Isildur became king of Gondor and Anor. However, not only did he bear heavy with it, but also with the curse on his finger. Against all logic, Isildur had not destroyed the One Ring in the fires of Mount Doom. Perhaps it was the promise of sheer infinite power that made him do it. One thing is clear: if Isildur was a thoroughly rational and clever decision-making man up to that point, this changed in the short time that he was the ring bearer.

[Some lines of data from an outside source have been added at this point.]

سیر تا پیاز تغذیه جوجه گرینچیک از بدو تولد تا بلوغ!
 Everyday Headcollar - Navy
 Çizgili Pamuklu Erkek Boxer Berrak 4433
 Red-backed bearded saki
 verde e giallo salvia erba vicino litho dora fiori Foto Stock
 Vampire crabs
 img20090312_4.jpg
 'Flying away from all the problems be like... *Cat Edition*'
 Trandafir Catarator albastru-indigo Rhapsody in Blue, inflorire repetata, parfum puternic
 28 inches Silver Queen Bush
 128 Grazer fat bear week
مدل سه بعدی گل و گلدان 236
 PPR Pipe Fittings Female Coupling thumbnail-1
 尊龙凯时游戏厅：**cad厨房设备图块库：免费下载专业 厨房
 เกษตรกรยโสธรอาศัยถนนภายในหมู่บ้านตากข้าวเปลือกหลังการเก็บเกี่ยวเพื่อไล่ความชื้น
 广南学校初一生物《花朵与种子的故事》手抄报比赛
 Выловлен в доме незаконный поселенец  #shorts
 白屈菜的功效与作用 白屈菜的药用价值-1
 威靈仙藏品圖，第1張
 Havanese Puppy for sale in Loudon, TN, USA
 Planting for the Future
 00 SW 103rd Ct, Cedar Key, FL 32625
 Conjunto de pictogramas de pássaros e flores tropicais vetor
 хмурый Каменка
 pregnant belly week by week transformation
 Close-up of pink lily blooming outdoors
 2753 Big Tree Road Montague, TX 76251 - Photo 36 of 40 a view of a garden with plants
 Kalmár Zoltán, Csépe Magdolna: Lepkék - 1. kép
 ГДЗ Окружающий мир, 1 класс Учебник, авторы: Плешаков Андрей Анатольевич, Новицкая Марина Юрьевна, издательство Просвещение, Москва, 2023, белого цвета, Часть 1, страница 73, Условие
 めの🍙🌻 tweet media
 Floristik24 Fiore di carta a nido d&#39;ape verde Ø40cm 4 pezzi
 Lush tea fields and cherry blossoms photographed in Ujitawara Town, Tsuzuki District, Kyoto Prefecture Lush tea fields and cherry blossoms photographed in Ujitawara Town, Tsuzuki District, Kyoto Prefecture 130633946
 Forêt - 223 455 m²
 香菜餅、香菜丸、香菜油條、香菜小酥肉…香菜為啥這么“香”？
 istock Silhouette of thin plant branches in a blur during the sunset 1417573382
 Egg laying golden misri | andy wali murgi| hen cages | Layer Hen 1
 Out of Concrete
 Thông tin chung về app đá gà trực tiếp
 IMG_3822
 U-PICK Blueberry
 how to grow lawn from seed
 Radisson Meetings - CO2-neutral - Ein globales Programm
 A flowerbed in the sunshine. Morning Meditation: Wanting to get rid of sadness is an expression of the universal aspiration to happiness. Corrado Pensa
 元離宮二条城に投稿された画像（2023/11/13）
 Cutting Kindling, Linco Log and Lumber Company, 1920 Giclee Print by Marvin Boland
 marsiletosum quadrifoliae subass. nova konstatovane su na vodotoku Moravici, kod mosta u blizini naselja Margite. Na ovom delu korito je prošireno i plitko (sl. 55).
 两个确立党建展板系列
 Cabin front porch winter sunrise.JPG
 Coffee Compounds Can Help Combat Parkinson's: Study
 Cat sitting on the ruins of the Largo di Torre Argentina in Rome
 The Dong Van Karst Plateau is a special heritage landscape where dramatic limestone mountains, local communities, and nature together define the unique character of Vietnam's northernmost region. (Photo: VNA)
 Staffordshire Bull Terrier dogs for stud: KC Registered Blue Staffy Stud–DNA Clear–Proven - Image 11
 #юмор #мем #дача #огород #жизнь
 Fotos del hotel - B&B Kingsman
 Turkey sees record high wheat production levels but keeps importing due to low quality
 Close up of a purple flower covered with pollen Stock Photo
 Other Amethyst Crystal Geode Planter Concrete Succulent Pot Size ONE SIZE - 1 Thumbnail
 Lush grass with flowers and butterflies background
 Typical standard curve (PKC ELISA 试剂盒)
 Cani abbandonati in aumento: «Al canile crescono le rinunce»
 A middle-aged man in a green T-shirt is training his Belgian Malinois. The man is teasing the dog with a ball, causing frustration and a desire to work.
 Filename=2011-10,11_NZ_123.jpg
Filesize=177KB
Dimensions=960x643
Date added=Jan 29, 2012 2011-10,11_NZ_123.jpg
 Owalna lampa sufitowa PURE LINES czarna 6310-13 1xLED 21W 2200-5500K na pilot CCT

Isildur died choosing an unusual…or rather unsafe route up the River Anduin. Its end was described twice by Tolkien. In a short version of the Eldar, Isildur was too stupid to post guards at his camp and was surprised by orcs. The longer version: Around 200 men were not enough to protect the tour group from orcs from the Misty Mountains. Isildur’s son, Elendur, begged his father to use the ring (and the invisibility that comes with it) to escape. However, the ring is said to have slipped from Isildur’s finger. Orcs looking for fugitives are said to have seen the glow of Isildur’s headband – and pierced the king with their poisoned arrows. And so… ended the story of Isildur.
My opinion of Isildur has turned 180 degrees. After Peter Jackson’s portrayal, I really thought Isildur was stupid. But what else could he have done; the story of Isildur itself would have taken up an entire movie! I’m curious how Isildur will be portrayed in The Lord of the Rings: The Rings of Power. Hopefully not as “stupid” as in the Jackson trilogy.